By analyzing word patterns within and between documents, concept searching goes beyond merely telling you whether a document contains one or more words or phrases; it discerns what the document is about. As a result, it goes a long way towards eliminating two of the frustrations of keyword searching: false positives (search hits that are not responsive) and false negatives (responsive documents that were not retrieved in the search).
Concept searching can help you to quickly find the most important documents in a large population. Reviewers can now be given a body of thematically related documents, rather than the mix of unrelated documents normally encountered in a date-ordered linear review. As part of a wide-ranging set of tools and processes, concept searching now makes possible a new approach to first-pass responsiveness review: computer-assisted coding that requires much less time and effort than a traditional linear, doc-to-doc review requires.
The technology that facilitates concept searching has been rigorously tested and proven to be robust and reliable.
The disadvantages of traditional linear review
Traditional linear review is time-consuming and expensive. Document reviewers, generally lawyers, are human; they get tired and make mistakes. Furthermore, even if reviewers' assessments were consistently reliable and accurate, today's massive data volumes make linear review impractical. But linear review was never reliable and accurate.
As studies have shown,2 human reviewers' assessments are often inaccurate and unreliable. When used properly, computer-assisted review that combines machine learning3, sampling and human review and correction is more reliable and more accurate than a traditional lawyer document-to-document review.
The limitations of keyword searching
Keyword searching often fails because the terms were poorly chosen. Generally any word-based search suffers from two core limitations. Polysemy (multiple meanings for a single word) causes search terms to treat irrelevant documents as "hits", while synonymy (multiple words and phrases for a single meaning) makes it impossible to construct a list of words or phrases that will find all relevant documents. Polysemy causes false positives and synonymy causes false negatives. Consequently, keyword-based searches will always pull in irrelevant documents and leave out relevant ones.

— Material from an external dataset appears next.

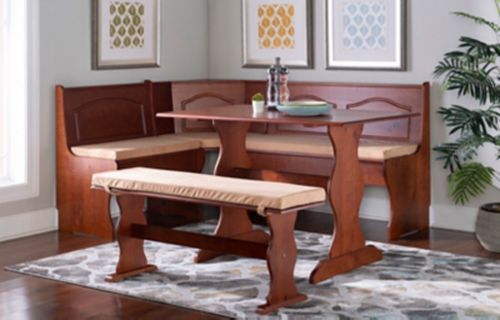 Linon Hanah Nook with Cushion Set, Walnut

Studies have shown that concept searching is better at finding responsive documents and leaving out non-responsive documents than traditional keyword-based search technologies (see footnote 2).
What is concept searching?
Concept search tools use an array of mathematical techniques and computer technologies, but they all aim to identify semantic (meaning-related) patterns within and across documents. They recognize conceptual similarities between documents by noticing how words relate to each other, how often they appear together, how far apart they are, and how often they appear in other documents with similar characteristics.
Concept searching does not require that a particular word appear in a document (the threshold requirement for any traditional keyword search). In fact, the most recent, most advanced technologies are "language-independent" or "language-agnostic"; they do not rely on dictionaries, taxonomies or thesauruses and do not need to "know" the meanings of specific words.
Focusing on patterns rather than specific words helps to eliminate false positives and false negatives. For example, documents discussing investments will often contain the word "stock"; but to a concept search engine, the word "stock" on its own is not enough to warrant inclusion in the investment cluster of identified documents. If "stock" appears along with "soup" and "chicken", it will be assigned to a different cluster.
Having identified the semantic patterns in and among documents, the search tool will group documents with similar semantic content so that they can be reviewed together. Once grouped by conceptual content, the documents can also be relevance-coded in bulk.
How can concept searching be used?
Some concept search applications can be used as a preliminary topic-grouping tool. The software is given free rein to assess the concept clusters in the population. Reviewers who know the case or the subject of the review can quickly see interesting clusters. They can then review these documents using whatever methods they prefer.4
The value of this simple grouping by topic is not to be underestimated. The mental fatigue caused by having to switch between thematically dissimilar documents can be greatly reduced by giving reviewers groups of conceptually similar documents.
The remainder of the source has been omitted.